Michael Collins

Personal information
- Full name: Michael Christopher Collins
- Date of birth: November 17, 1961 (age 64)
- Place of birth: Hicksville, New York, United States
- Height: 5 ft 10 in (1.78 m)
- Position: Midfielder

Youth career
- –1979: Hicksville Americans

College career
- Years: Team / Apps / (Gls)
- 1979: Mercy Mavericks

Senior career*
- Years: Team / Apps / (Gls)
- 1980–1981: New York United
- 1980–1981: Atlanta Chiefs (indoor) / 6 / (0)
- 1981: Pennsylvania Stoners
- 1981–1984: New York Arrows (indoor) / 86 / (22)
- 1984: New York Nationals
- 1984–1985: Baltimore Blast (indoor) / 64 / (19)
- 1986–1987: New York Express (indoor) / 31 / (11)
- 1987–1989: Los Angeles Lazers (indoor) / 115 / (67)
- 1989–1990: St.

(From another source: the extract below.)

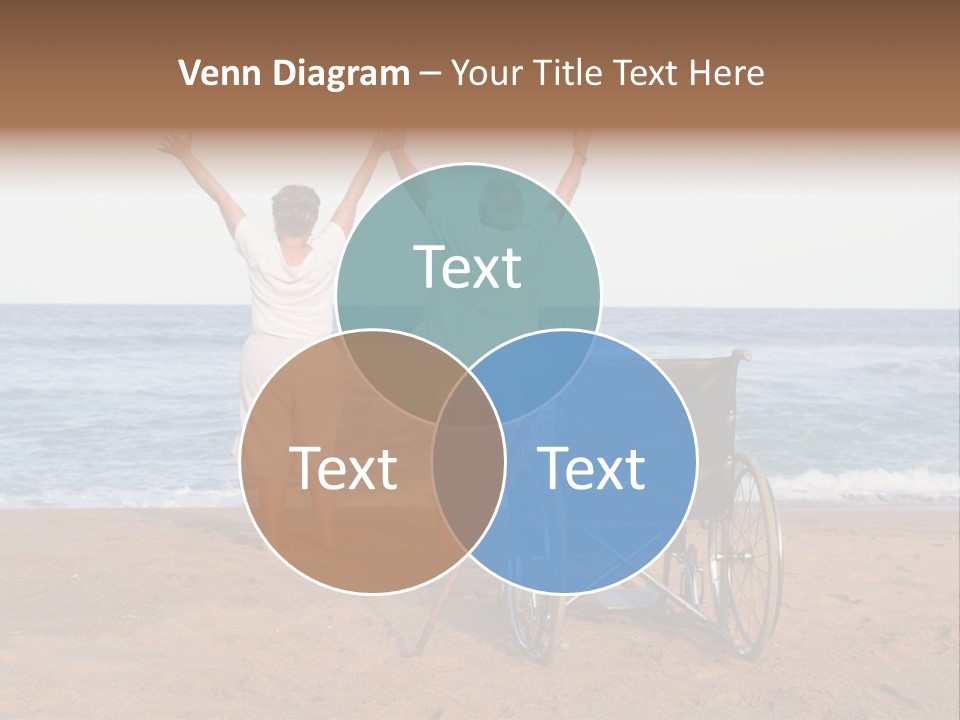 Physical View Hope PowerPoint Template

Louis Storm (indoor) / 39 / (17)
- 1991–1992: San Diego Sockers (indoor) / 42 / (6)
- 1992–1993: Milwaukee Wave (indoor) / 26 / (15)
- 1994: Milwaukee Rampage
- 1994–1995: Buffalo Blizzard (indoor) / 40 / (29)
- 1995: Seattle SeaDogs (indoor) / 27 / (24)
- 1996: Sacramento Knights (indoor) / 28 / (11)
- 1996–1997: Buffalo Blizzard (indoor) / 22 / (7)
- 1997: Detroit Safari (indoor) / 22 / (8)

International career
- 1988: United States / 2 / (0)

= Michael Collins (soccer) =

American soccer player (born 1961)

Michael Collins (born in Hicksville, New York) is an American former professional soccer player who played as a midfielder. Collins played for at least twelve teams in nearly half a dozen leagues over his seventeen-year career. He also earned two caps with the United States national team in 1988. Collins currently serves as president and general manager of California United Strikers FC.

==Youth and college==
Collins grew up in Hicksville, New York where he played on the Hicksville Americans youth club. In 1979, the Americans went to the McGuire Cup final where it lost to Imo's Pizza of St. Louis, Missouri. Collins also played soccer at St. John the Baptist Diocesan High School in West Islip, New York. Following his graduation of St. John's in 1979, he spent the fall semester playing college soccer at Mercy College before turning professional.

==Professional career==
In January 1980, Collins signed with the New York United of the American Soccer League. He spent two seasons with the team, seeing very little playing time, before the team folded at the end of the 1981 season. Collins moved to the New York Arrows of Major Indoor Soccer League (MISL). He made his playing debut on December 3, 1981, and remained with the Arrows until they folded following the 1983–1984 season. In 1984, he signed with the New York Nationals of the United Soccer League. The Nationals folded at the end of the season. That winter, he returned to MISL, this time with the Baltimore Blast. The Blast went to the championship series before losing to the San Diego Sockers. Collins left the Blast and signed with the expansion New York Express on August 27, 1986. The Express went 3–23 before folding during the season. On March 4, 1987, the Los Angeles Lazers purchased Collins’ contract from the Express.^{} The Lazers folded in 1989. He played at least the 1991-1992 MISL season with the San Diego Sockers. On January 9, 1993, the Milwaukee Wave of the National Professional Soccer League signed Collins for the remainder of the 1992–1993 season.^{} He then moved to the Milwaukee Rampage for the 1994 USISL.^{} That winter, Collins signed with the Buffalo Blizzard (NPSL) for the 1994–1995 season. At the end of the season, he moved to the Seattle SeaDogs for the 1995 Continental Indoor Soccer League (CISL) season. In 1996, he played with the Sacramento Knights of the CISL. That winter, he was back with the Buffalo Blizzard, then played with the Detroit Safari for the 1997 CISL season.

==National team==
Collins earned two caps with the U.S. national team in 1988. His first game cap was a 3–0 loss to Chile on June 5, 1988. He came off for Chris Sullivan. His second game was a 1–0 loss to Ecuador on June 7, 1988.